The Weak Won is Getting Some Relief as Samsung and Hyundai Repatriate More Money

South Korea's top car and smartphone exporters are coming home with a larger portion of their earnings this year to take advantage of new tax benefits, and their reshoring has become a rare source of support for a sinking currency.


South Korean firms repatriated a record $33.13 billion in overseas revenues from January to July, 6.3 times the amount returned the previous year, according to central bank data on current account balances.

The inflows, the majority of which come from globe-trotting exporters such as Samsung Electronics (005930.KS), Hyundai Motor Co (005380.KS), and Kia Corp (000270.KS), are a welcome reprieve for the won, which has been battered by decreasing Korean exports and a wide US dollar surge.

"The coming home of earnings retained abroad has been a big help for the won," a government official in charge of the foreign exchange market said, declining to be identified due to internal protocol.

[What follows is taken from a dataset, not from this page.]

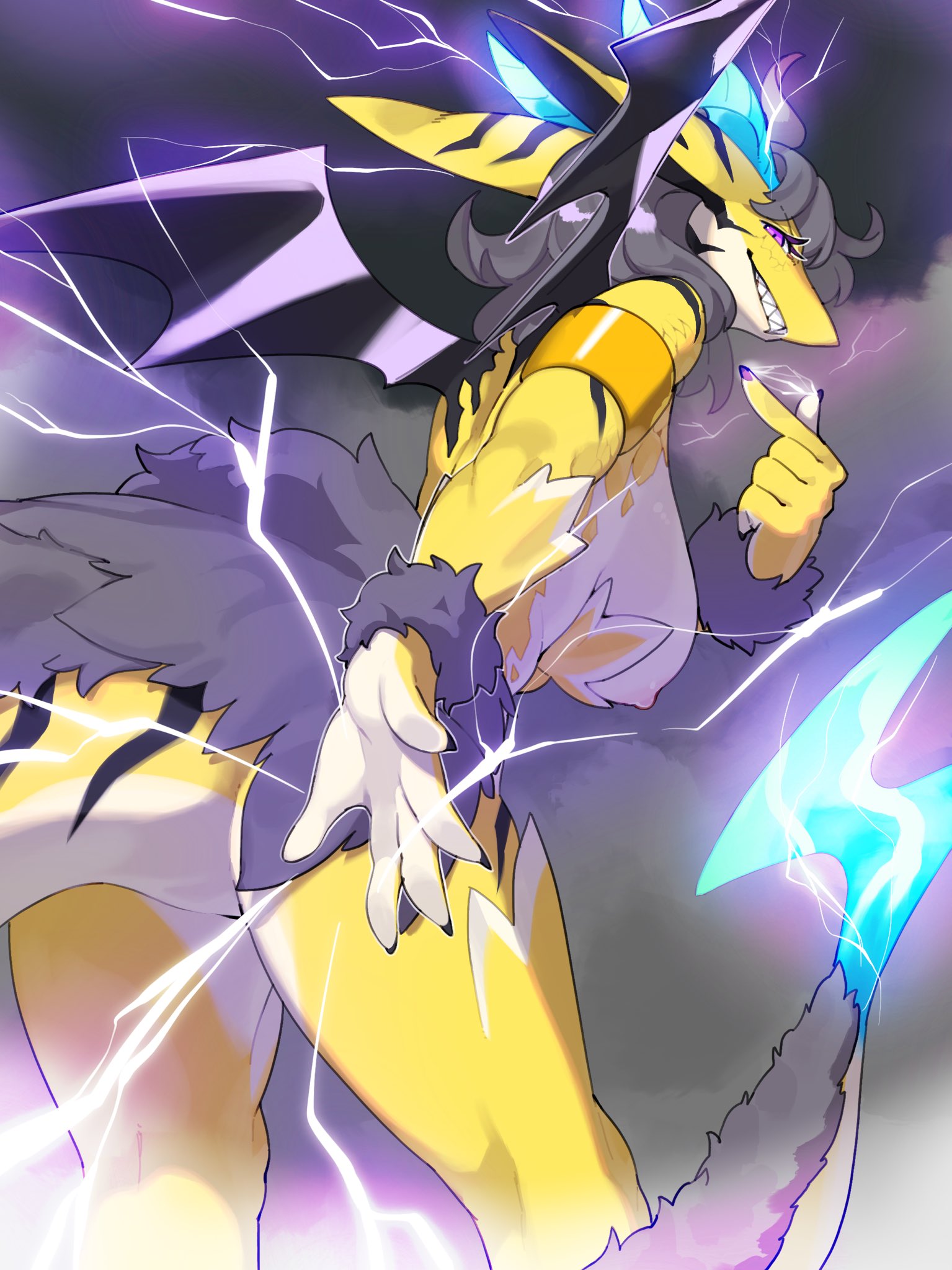 I Was Banished From The Party And Became The Leader Of The Strongest Female Dragon Party! Rule 34 Image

According to Bank of Korea (BOK) officials, the amount of offshore earnings repatriated thus far is over three times the $12 billion corporations repatriated in total in 2022.

This rush follows President Yoon Suk Yeol's introduction of a tax break this year to encourage reshoring of cash held outside of Korea, which permits up to 95% of business profits generated abroad to be repatriated tax-free. Previously, such repatriation was subject to corporate taxes of up to 25%.

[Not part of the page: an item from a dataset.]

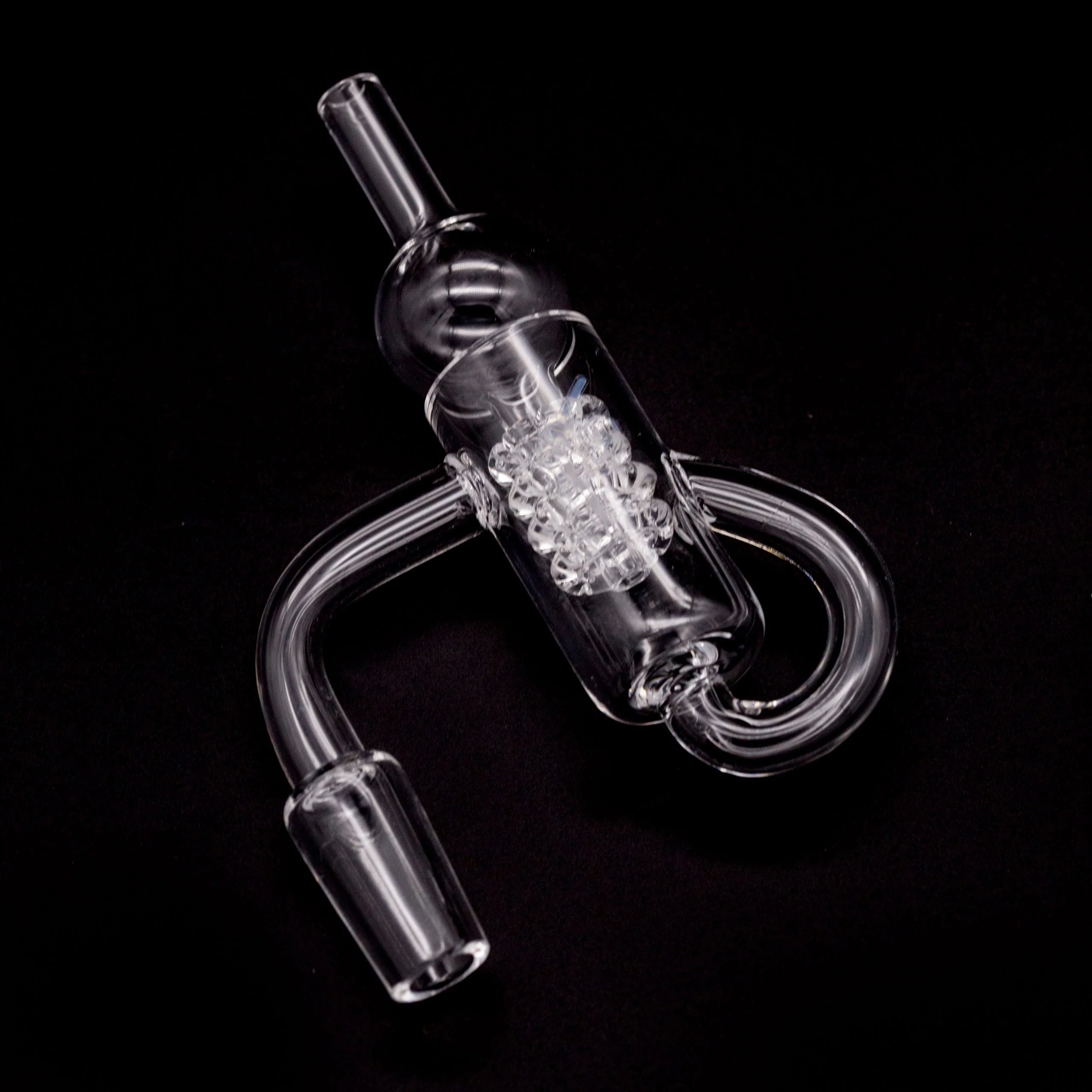 HONEY RECYCLER QUARTZ BANGER | YL - Image 7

The movements provide a significant buffer for Korea's balance of payments and the won, which has been falling over the past two years and is down 5% this year.

According to a BOK report issued by lawmaker Hong Sung-kook, the won was the second most volatile currency in the first half, after only the Japanese yen.

The $33 billion in repatriated funds more than compensates for the country's $26 billion trade deficit in the first six months of this year. The country's foreign exchange reserves fell to $418.30 billion in August, the lowest level in nine months, as authorities intervened to stabilize the won.

"Capital reshoring has been a relief to the won," Min Gyeong-won, a currency analyst at local Woori Bank, said, adding that the movements had helped offset weak exports by becoming a source of dollars.

When asked about the usage and amount of the returned retained earnings, Samsung Electronics declined to comment for this story.

Hyundai Motor has invested money thanks to the tax cut. On June 12, the automaker announced intentions to invest 7.8 trillion won ($5.82 billion) of retained revenues from international operations in domestic electric car factories this year.

"Our primary goal is to (channel those repatriated funds) to expand production capacity of electric cars in the country, although not all of it (will be used for it)," a representative for Hyundai Motor Group said.

"As for how much we will bring in next year, corporate savings from dividends for 2024 will be decided early next year."

The spike in repatriation also coincides with upcoming trade reforms in South Korea, which will extend onshore trading hours until 2 a.m. to improve access for overseas investors. The dollar-won pair is presently only trading till 3:30 p.m. (0630 GMT).

"I reckon it (reshoring by exporters) helped cushion the won's fall by about a fifth in the first half," said Paik Seok-hyun, a senior economist at Shinhan Bank. "The trend is likely to continue albeit to a lesser extent."